In the material below, find the line with "The Ford Explorer" and the line with "Here today for", then output those two lines and every line between them, exactly.

INFORMATION:
....................
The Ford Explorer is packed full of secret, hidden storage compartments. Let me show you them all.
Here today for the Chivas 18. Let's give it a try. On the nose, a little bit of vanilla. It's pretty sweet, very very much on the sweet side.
....................
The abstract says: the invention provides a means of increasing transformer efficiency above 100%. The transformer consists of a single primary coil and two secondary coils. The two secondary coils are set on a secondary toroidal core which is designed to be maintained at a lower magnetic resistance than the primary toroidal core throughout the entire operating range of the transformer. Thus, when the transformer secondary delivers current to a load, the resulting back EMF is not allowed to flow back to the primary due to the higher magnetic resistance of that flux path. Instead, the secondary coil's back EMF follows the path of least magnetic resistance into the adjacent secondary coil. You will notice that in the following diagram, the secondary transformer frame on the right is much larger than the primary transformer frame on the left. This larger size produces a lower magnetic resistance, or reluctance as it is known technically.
....................
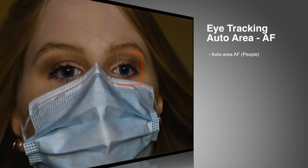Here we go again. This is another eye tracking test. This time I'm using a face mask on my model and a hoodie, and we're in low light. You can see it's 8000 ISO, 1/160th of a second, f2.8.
....................
ANSWER:
The Ford Explorer is packed full of secret, hidden storage compartments. Let me show you them all.
Here today for the Chivas 18. Let's give it a try. On the nose, a little bit of vanilla. It's pretty sweet, very very much on the sweet side.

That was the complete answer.